Friday, May 28, 2010

Welcome to the Space Jam

Oh God. I can't get enough of this (pdf), Michal Brody's paper on the startling similarities between the 1996 MJ-and-Bugs vehicle Space Jam and the Mayan creation myth Popul Vuh.
Consciously or unconsciously, the film's writers have developed a narrative in which a pair of heroes (Bugs Bunny and Michael Jordan) 1) are summoned to play a high-stakes underworld ball-game against a variety of frightening villains, 2) manage to defeat those villains through the heroes' summoning of extra-human ability, and 3) ascend from the underworld with a glowing orb, all of which occur in the Popol Vuh. While the details vary (in the Popol Vuh, the heroes intend to retrieve the head of their father, Hunahpu; whereas in Space Jam, the villains have stolen the talent of NBA stars such as Charles Barkley and Patrick Ewing), the congruence is remarkable. Brody also shows that the well-known phonetic irregularities of, e.g., Daffy Duck and Sylvester are quite analogous to those of ancestral characters in a variety of native cosmologies.

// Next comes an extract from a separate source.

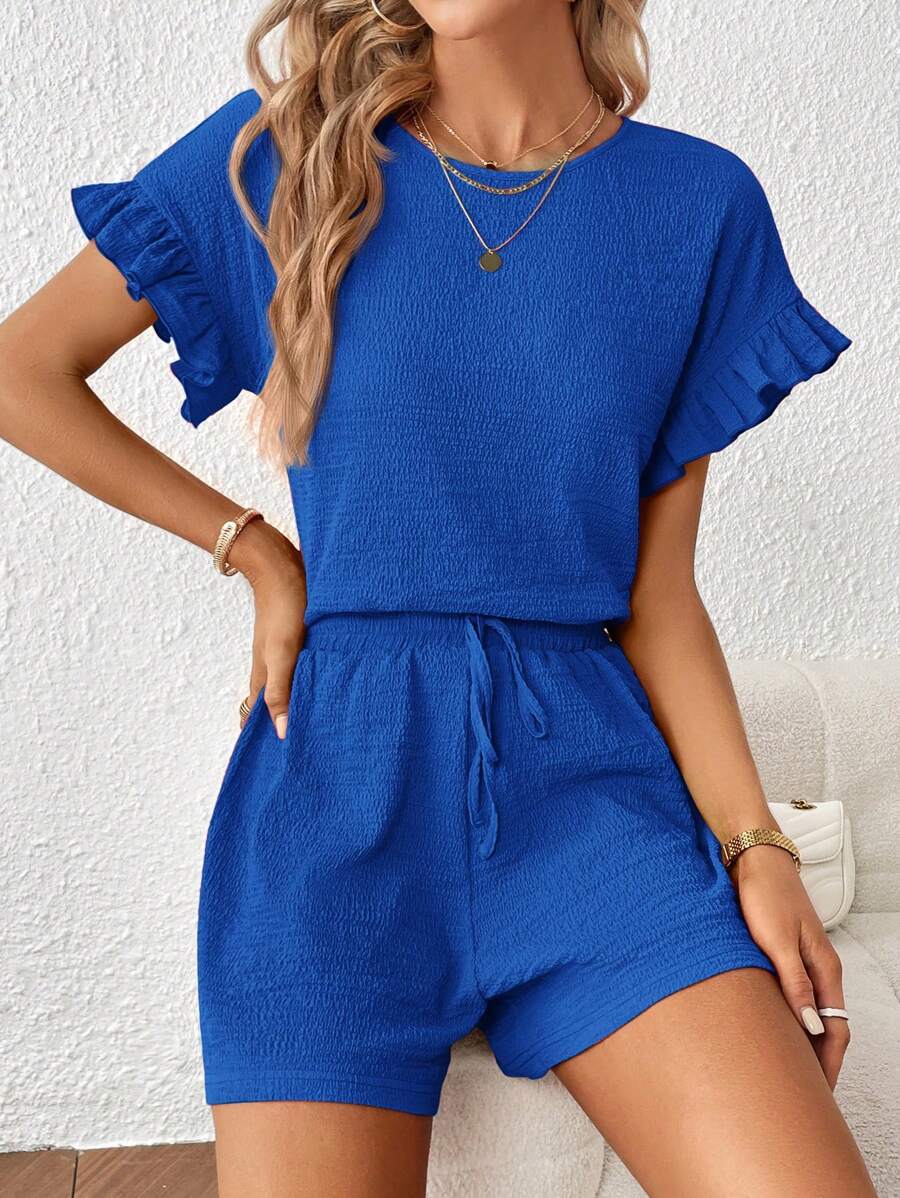 Britt | Casual set met rimpeling en knoopdetails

Hero twins. Also, Bill Murray.
In addition, the Looney Tunes are not bound by the physical laws of the known world and are capable of recovering almost instantly from injuries that would more than kill any one of us. Those characteristics are shared as well by the Hero Twins of the Popol Vuh. Like the Tune Squad, their adventure in defeating the lords of the under-world is filled with treachery, faith, and the symbolic power of the sphere. Thus, we’ve seen that a venerated and classic story with grand- scale cultural importance has significant thematic parallels with a trifling and inconsequential Hollywood bauble intended principally for viewing by children.  
There's a digital version of the Popul Vuh (Wuj?) here, if anyone would like to take this further, compare-and-contrast styles. Alternative option: compare Who Framed Roger Rabbit with the inevitable apotheosis of the monomyth's Universal Hero.